I wouldn’t expect it to be as fast in that test. They are 2 different technologies designed around solving different, but related problems.
Seafile is doing a lot of stuff behind the scenes that samba isn’t doing. Samba was designed to be fast over local networks just streaming data to and from the server’s disk as quickly as old hardware could go (lots of the protocol was designed over 10 years ago). Samba wasn’t designed to be used on the internet and isn’t safe to expose to the internet.
Seafile is designed with over-the-internet links in mind. So it does things like transfer data over http (optionally https), locally cache files, and chop files up into chunks in a clever and somewhat complicated way, and deduplicate on those chunks. This means that other resources can easily become the bottleneck. The CPU at either end can more easily limit speed because there is so much more CPU work being done in seafile than in samba. But if you edit a large file with a slow network between you and the server (coffee shop wifi for example), seafile might feel much faster.
I tried a similar test with my seafile server which is also a Debian 9 VM, KVM and no Docker. Sorry, I don’t have windows to test from, so this is from my Linux desktop. Everything was capped by my old wifi router, so I did this over Ethernet. For a 2GB file
Smaba gets about 68MB/s.
SeaDrive took close to 100% of one CPU on my desktop while it was writing the file:
dd if=/dev/urandom of=drive_test_random2 oflag=sync bs=1M count=2048
2147483648 bytes (2.1 GB, 2.0 GiB) copied, 86.5861 s, 24.8 MB/s
Then it started to send that to the server, which took 71 seconds, so about 29MB/s.

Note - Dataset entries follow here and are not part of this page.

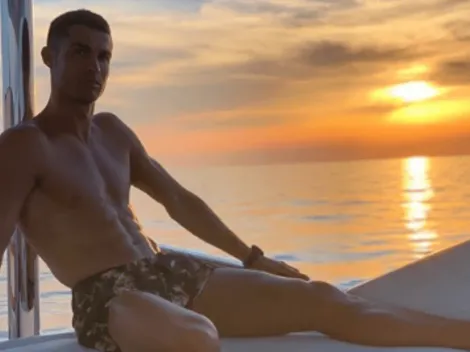 Cristiano Ronaldo subió un video buceando y pidió que lo llamen Neptuno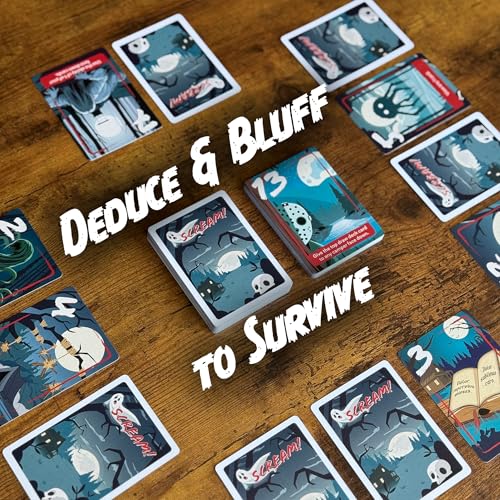 Scream Card Game, Spooky, Silly Fun for Game Night, Easy to Learn | Plays in Under 30 Minutes, 3-5 Players, Great for Teens, Adults & Families, From Creators of One Night Ultimate Werewolf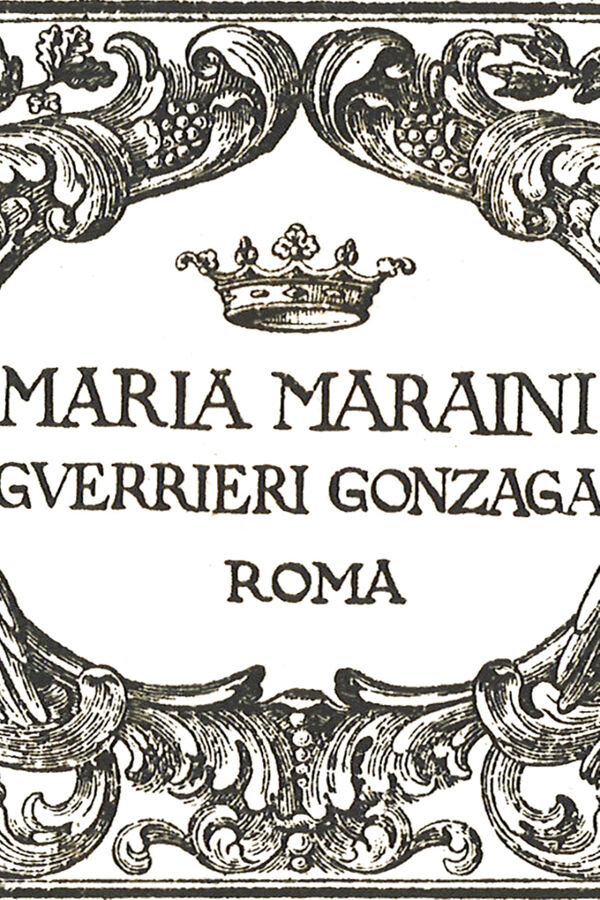 Maria Maraini Guerrieri Gonzaga Ex Libris
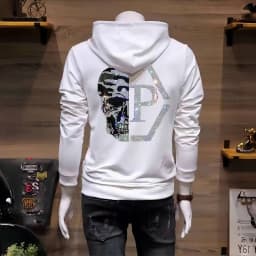 Hoodie Street Sports Cartoon Iron Drill Pattern Hoodie Casual Everything Plus Cashmere Fashion Hoodie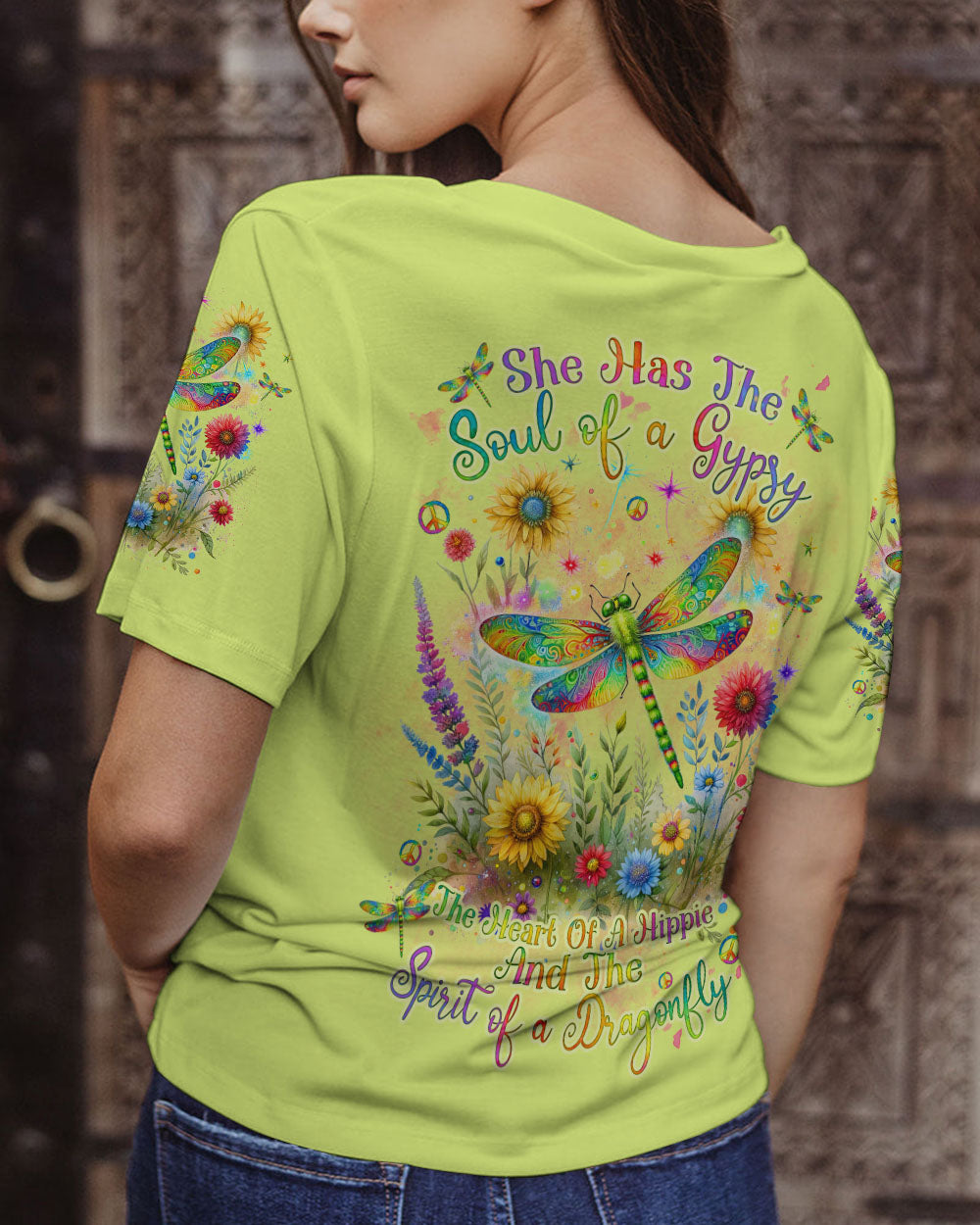 SPIRIT OF A DRAGONFLY FLORAL ALL OVER PRINT - TLNZ2511232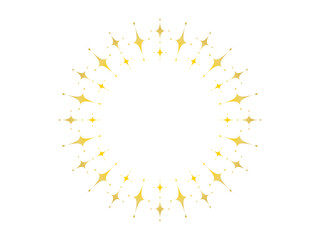 漫画の背景に最適な光り輝く集中線その4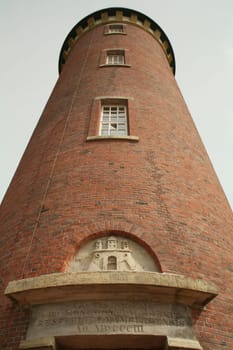 The (disused) lighthouse in Cuxhaven on the North Sea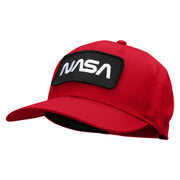 NASA Black and White Logo Embroidered Patched Solid Twill Cap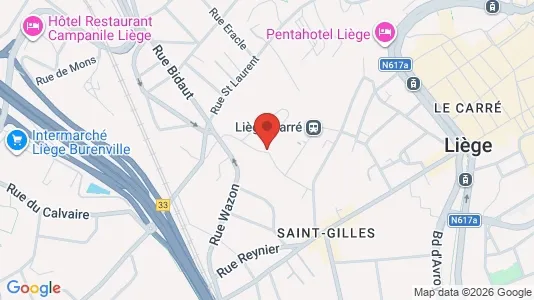 Apartments for rent i Luik - kort over placeringen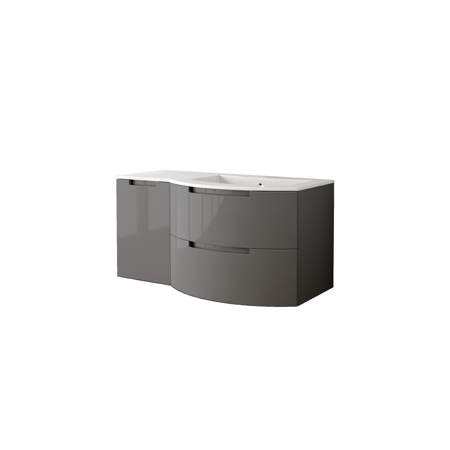 Bruna 53" vanity with left side cabinet in Slate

Now back to my point that the comparison doesn’t reveal that there is a problem. I copied that same file in under a new name on both samba and SeaDrive. Samba got the same 68MB/s. SeaDrive spent 68 seconds processing the file:
dd if=/tmp/drive_test_random2 of=drive_test_random3 oflag=sync bs=1M
2147483648 bytes (2.1 GB, 2.0 GiB) copied, 68.3336 s, 31.4 MB/s
And then in about 5 seconds the file was on the server, which gives an effective speed of about 410MB/s.
How? I am speculating here, but I think it is because the file gets broken into chunks and deduplicated, SeaDrive didn’t have to send any part of the file, just a filename and list of blocks that make up the file. This means that if I edit that file to put different data in the middle it will only have to send that part:
dd if=/dev/urandom of=drive_test_random3 bs=1M skip=512 count=512 conv=notrunc oflag=sync
536870912 bytes (537 MB, 512 MiB) copied, 21.8161 s, 24.6 MB/s
The processing time is about the same, but then it uploaded that 512MB of changes in about 22 seconds, so at about 23MB/s, but 93MB/s if you count that as 2GB uploaded in 22 seconds.
So your speeds don’t seem bad at all. It just different tech with different trade-offs.